Deux significations, deux réalités opposées, un choix à faire. Voilà qui ne peut pas nous laisser indifférents. Ni comme citoyens, ni, bien sûr, comme croyants. Croire, ce n’est pas posséder Dieu en soi-même, dans une absence totale de dialogue et d’altérité, et ce n’est certainement pas prétendre pouvoir imposer son Dieu aux autres par la violence, quelle qu’elle soit. Croire, c’est entrer en dialogue avec Dieu, et se mettre au risque de ce que ce chemin révèlera, de Dieu et de nous-mêmes, liés par cette marche commune. Et c’est, bien sûr, entrer en dialogue avec d’autres. Y compris, et Jésus ajoute, surtout, avec ceux qui ne seraient pas nos partenaires de choix pour un dialogue, ceux qui n’ont pas l’air légitimes, ceux qui n’ont pas l’air dans les clous.

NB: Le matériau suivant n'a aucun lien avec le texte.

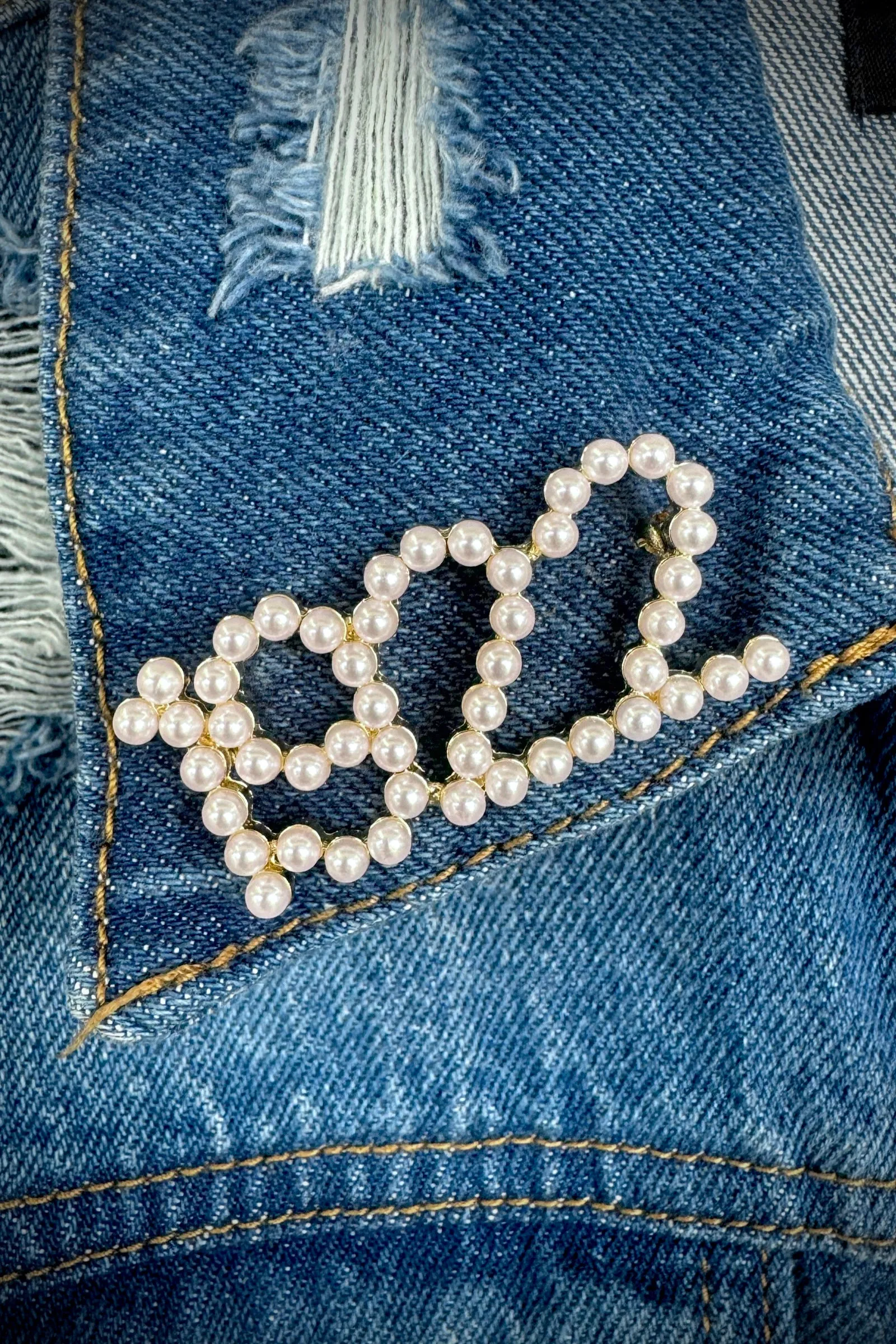 Pearl 1922 Pin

Ceux, en bref, qui étaient comme lui pour ses contemporains, et c’est ce qui l’a conduit sur la croix sous les quolibets des bien-pensants, en toute bonne conscience... Risque à prendre, enjeu de toute fraternité. Choix éthique qu’il nous est possible de refuser. Mais qu’il nous est aussi donné d’accepter...

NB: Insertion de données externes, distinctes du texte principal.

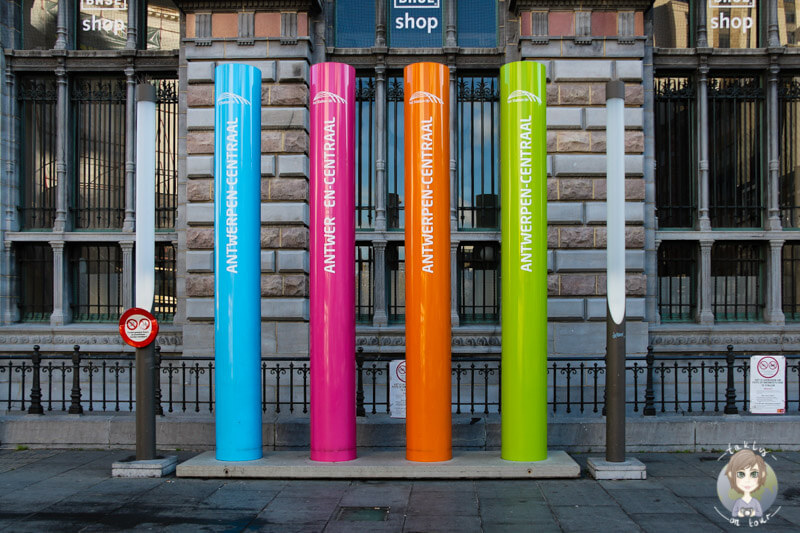 Bunte Säulen vor dem Hauptbahnhof Antwerpen
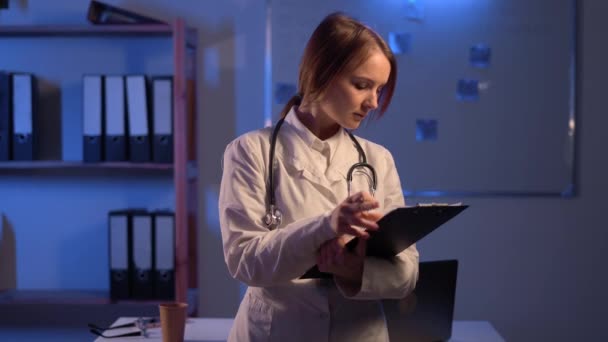 Ärztin Schreibt Arbeitsplatz Notizen Auf Das Klemmbrett Krankenhaus Kopierraum — Stockvideo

C'est difficile, c'est vrai. Parce que dialoguer, se lier de confiance avec quelqu’un, c’est prendre des risques, y compris (peut-être surtout) entre êtres humains. Celui de ne pas être d’accord d’abord, et il est inévitable de ne pas être d’accord, parce que nous ne sommes pas des copies conformes les uns des autres, nous sommes différents et pensons différemment. C’est frustrant, c’est éprouvant. C’est le partage de notre humaine condition. Et c’est aussi incroyablement joyeux, et ça ouvre des portes dans notre cœur et dans notre âme, des portes qui ne s’ouvriraient pas toutes seules. C’est ce que nous vivons en Église : que vous soyez là depuis longtemps ou que vous veniez de franchir la porte et choisissiez de rester, vous serez forcément frustrés, peut-être agacés ou en colère à un moment ou à un autre... mais accueillis et accueillants les uns envers les autres, et joyeux de l’être et d’ouvrir des portes les uns pour les autres. La fraternité n’est pas théorique. La fraternité consiste à se donner mutuellement ce que nous ne possédons pas : la parole. Se donner la parole, entendre la parole de l’autre, savoir que la sienne est écoutée, c’est tout l’enjeu de la fraternité. Et c’est aussi le trésor qui nous lie à Dieu. Jésus écoutait toujours... et répondait à côté, ouvrant de nouvelles portes, de nouvelles perspectives.